We feel the paucity of written information on this interesting character demands further attention, but as I’ve come across the other actors in this particular saga I realise that to focus on one individual is to miss out on the wealth of humor, interest and total perverse INSANITY of Dada.


Lee called round last night at about nine, bringing with him his dog, a cassette, Borley photos and a book featuring several hauntings in Watermouth. Mum, Nanna P. and Dad listened to the tape on a portable cassette player L. had brought along and seemed fascinated by it all. On side one was audio from haunted squash courts in East Anglia that are built on the site of a WW1 airfield. On the tape you can hear piston engine aircraft and the bustle of a busy wartime hangar, plus footsteps and voices.
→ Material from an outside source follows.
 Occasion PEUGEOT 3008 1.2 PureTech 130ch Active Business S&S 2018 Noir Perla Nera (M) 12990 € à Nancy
Side two is devoted to Borley: the sighs, grunts and squeaks of non-existent doors chilled us all “to the marrow,” as the narrator of the tape put it. Fairly predictably I felt spooked by all of this, especially as the conversation afterwards was about ghosts—the ‘something’ at the window on Poplar Rise the night Mum’s sister Mary was killed in 1946, our collective ‘experience’ at Marston Moor battlefield years ago, on a hot still summer’s day like today, when Mum and Dad and I simultaneously heard the tumult of a great crowd all around us in the air.

Poor Lee was quite rattled by all this and did his best to try and persuade me to go with him back to his house (as his Ma is away for a few days and he’s all alone in the house), but it was too far and I held firm. I felt a bit bad about it later. With all the distractions he forgot all about the reason for his visit in the first place—to borrow a book on WW1 for his essay on Paul Nash.

It’s a warm night, silent and hot apart from the shrill whine of newly hatched insects in the amphibian tanks in my room and the sound of distant traffic.